- **EXERCISE REQUIREMENTS**
Copy out the data from the line containing "Beautiful Black Crow" to its last line, exactly. No pictures.

- **RECORDS FOR THIS TASK**
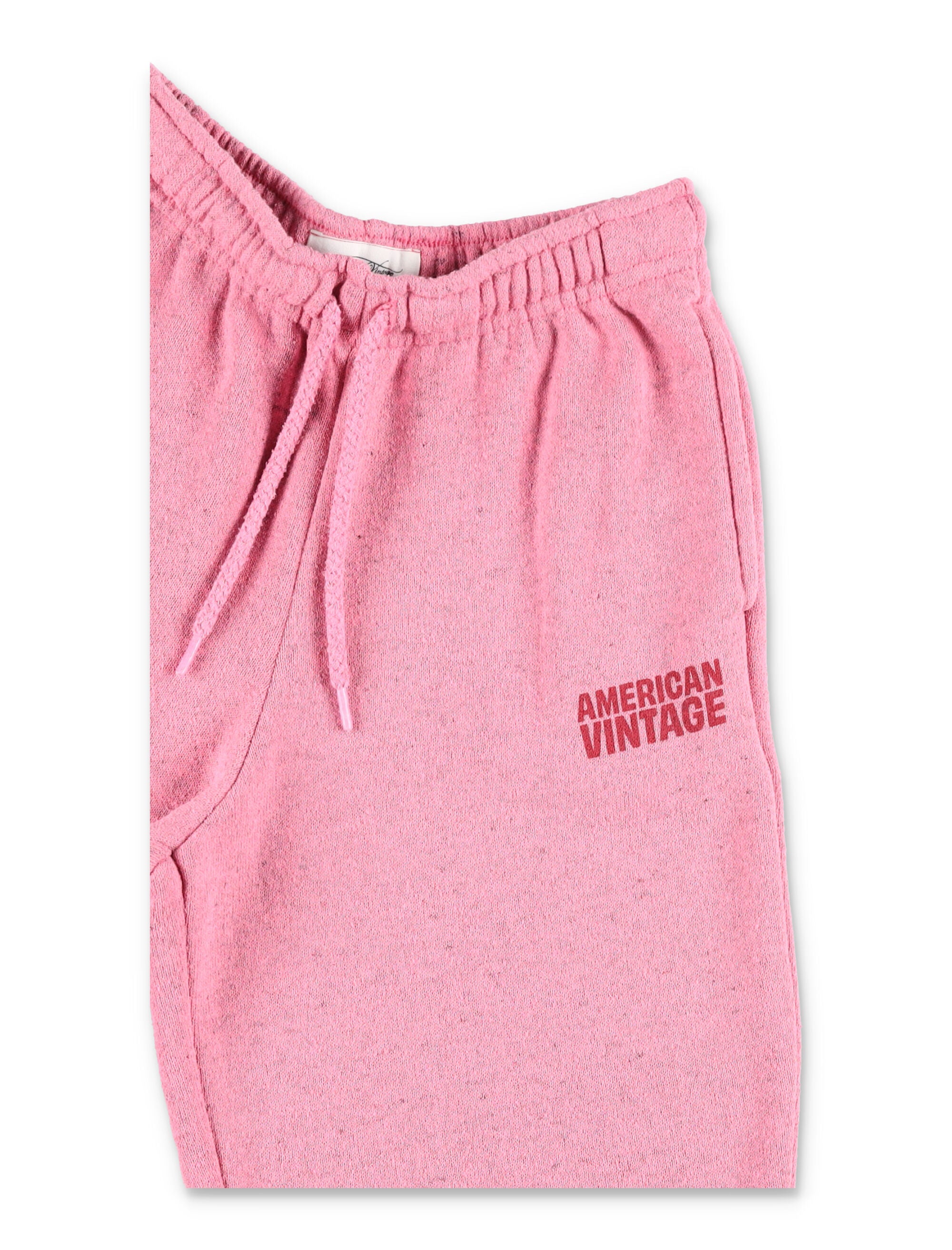 American Vintage Evona jogging pants for kids Dark Rose Polyester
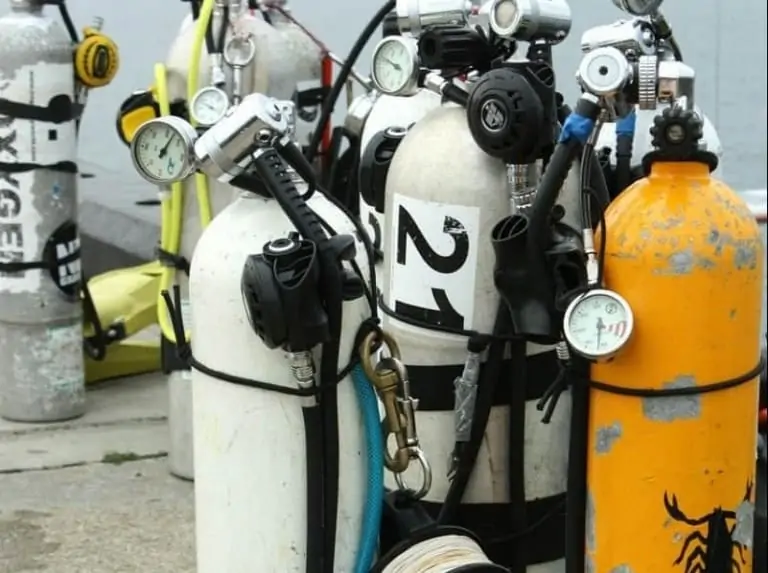 Scuba tanks can be carried in cars
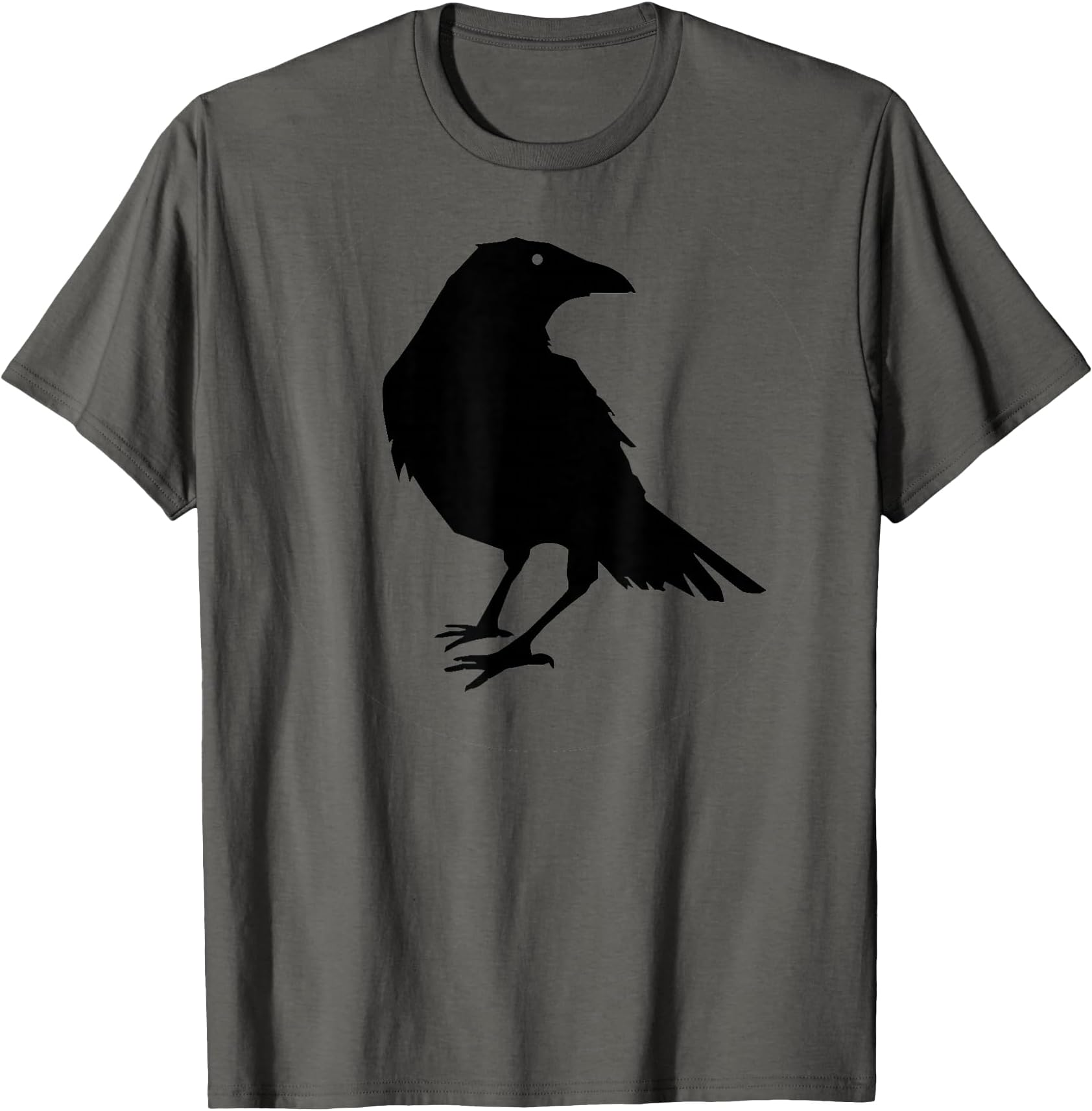 Beautiful Black Crow Raven Bird Silhouette T-Shirt T-Shirt
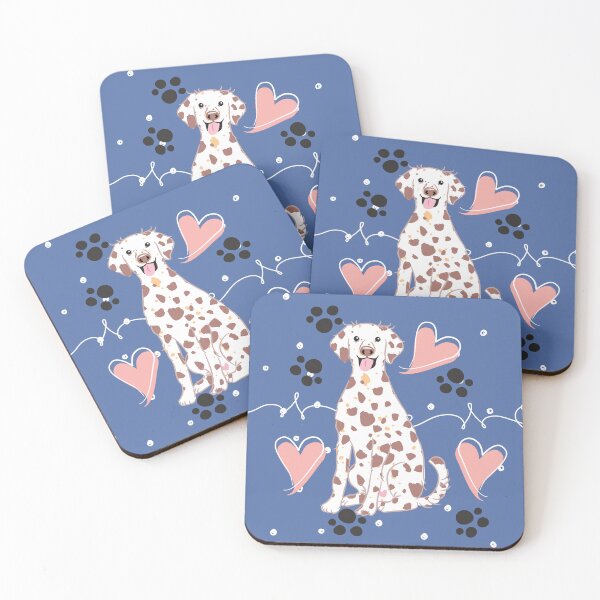 Item preview, LOVE Long Haired Dalmatian - Liver Tricolor 2 designed and sold by Lulupainting.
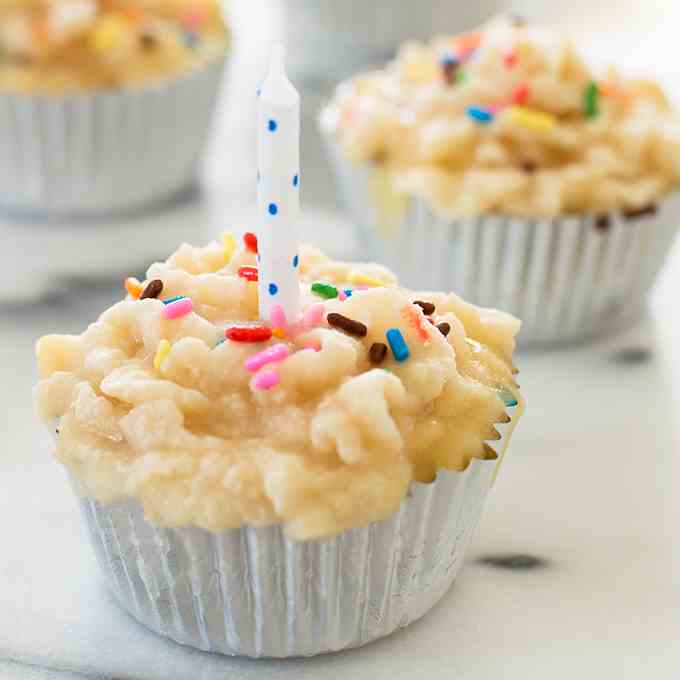 Birthday Cupcake Dog Popsicles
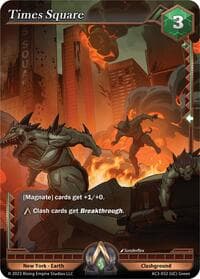 Times Square - Unrivaled - Alpha Clash card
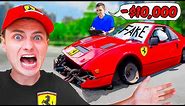 I Bought A FAKE Ferrari! (SCAMMED)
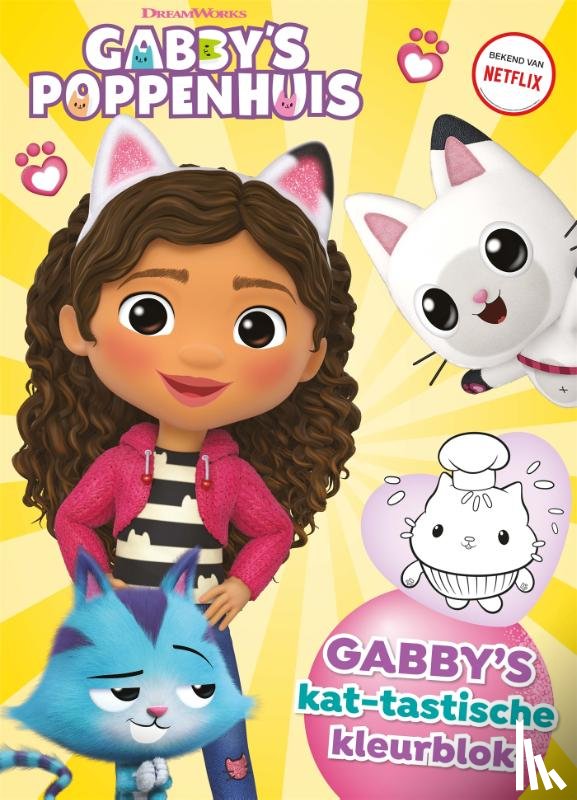 DreamWorks Animation LLC - Gabby's kat-tastische kleurblok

- **SOLUTION**
 Beautiful Black Crow Raven Bird Silhouette T-Shirt T-Shirt
 Item preview, LOVE Long Haired Dalmatian - Liver Tricolor 2 designed and sold by Lulupainting.
 Birthday Cupcake Dog Popsicles
 Times Square - Unrivaled - Alpha Clash card
 I Bought A FAKE Ferrari! (SCAMMED)
 DreamWorks Animation LLC - Gabby's kat-tastische kleurblok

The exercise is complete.